Task objective => The answer should hold only the lines from the one containing "TOYOTA Yaris usata 10" through the one containing "イオ 本厚木(io)&nbs" in the entries below, copied exactly, without pictures.

Input data =>
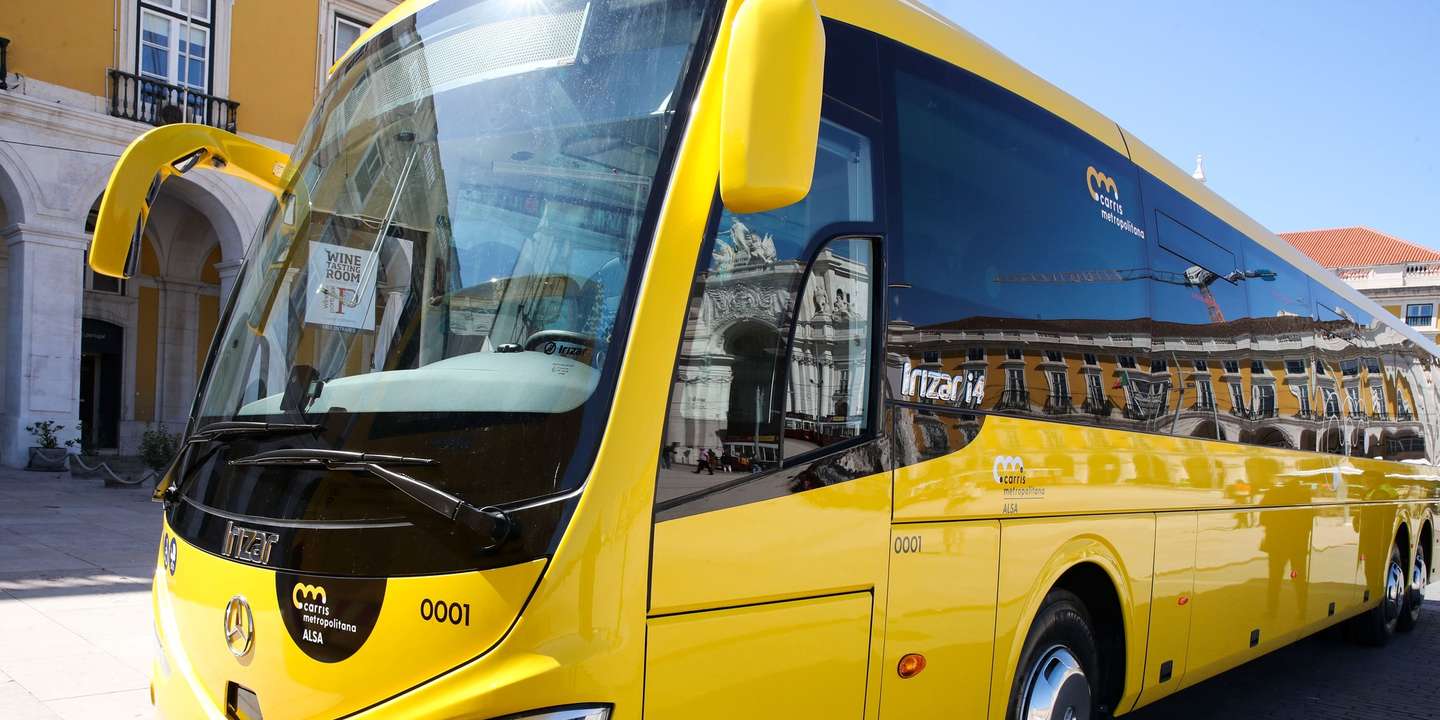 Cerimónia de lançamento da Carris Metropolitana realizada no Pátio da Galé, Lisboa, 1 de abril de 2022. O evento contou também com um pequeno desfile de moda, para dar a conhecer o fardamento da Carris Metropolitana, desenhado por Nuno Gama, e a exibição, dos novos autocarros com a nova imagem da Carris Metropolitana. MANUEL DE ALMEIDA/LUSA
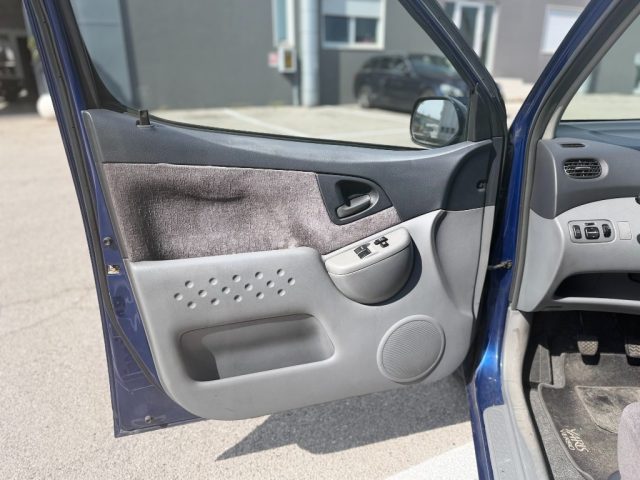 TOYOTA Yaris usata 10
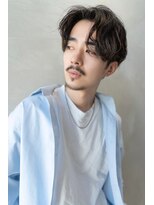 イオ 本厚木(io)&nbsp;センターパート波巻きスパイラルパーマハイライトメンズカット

==

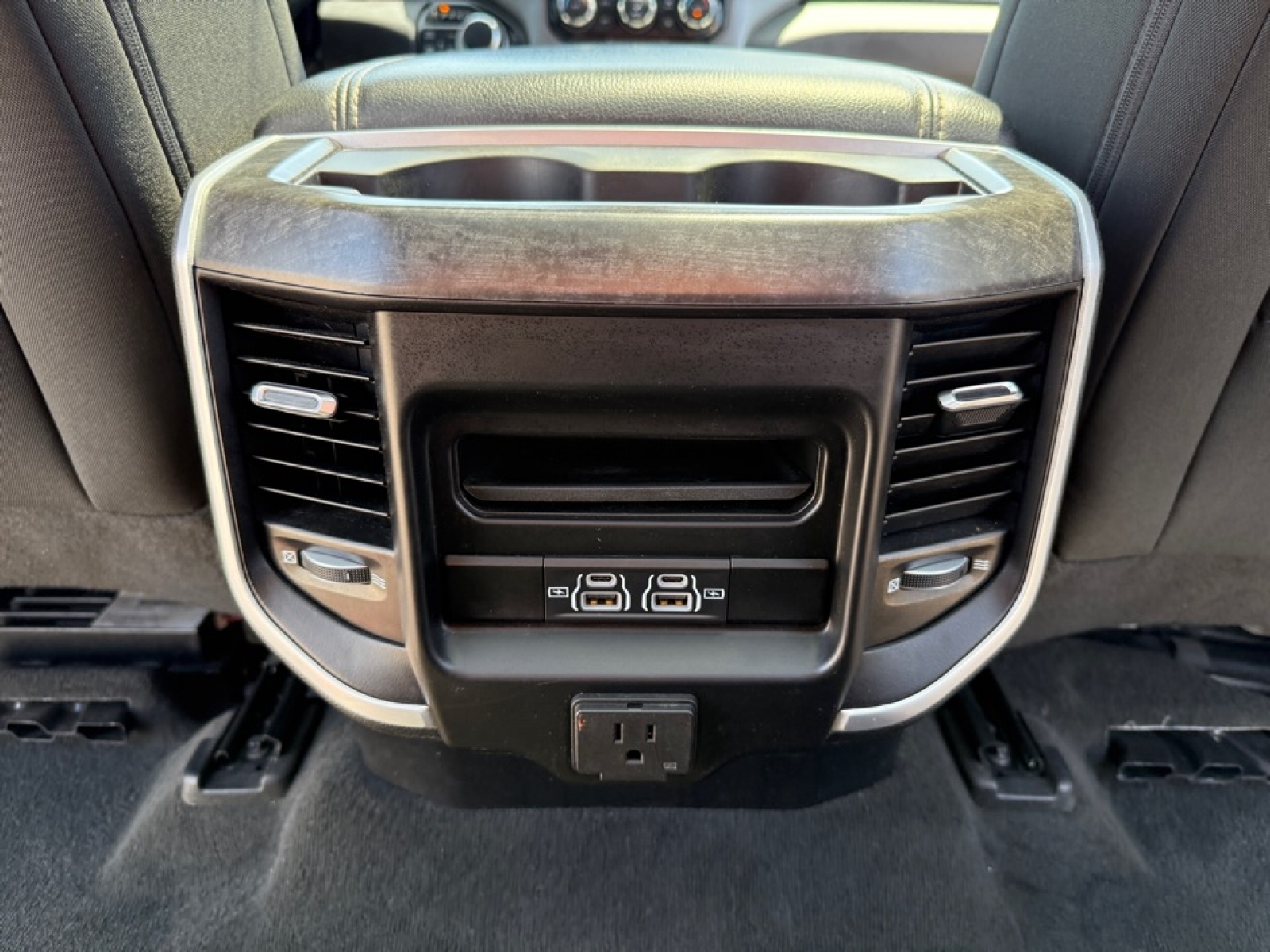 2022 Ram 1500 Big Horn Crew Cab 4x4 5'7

Answer for the task =>
 TOYOTA Yaris usata 10
 イオ 本厚木(io)&nbsp;センターパート波巻きスパイラルパーマハイライトメンズカット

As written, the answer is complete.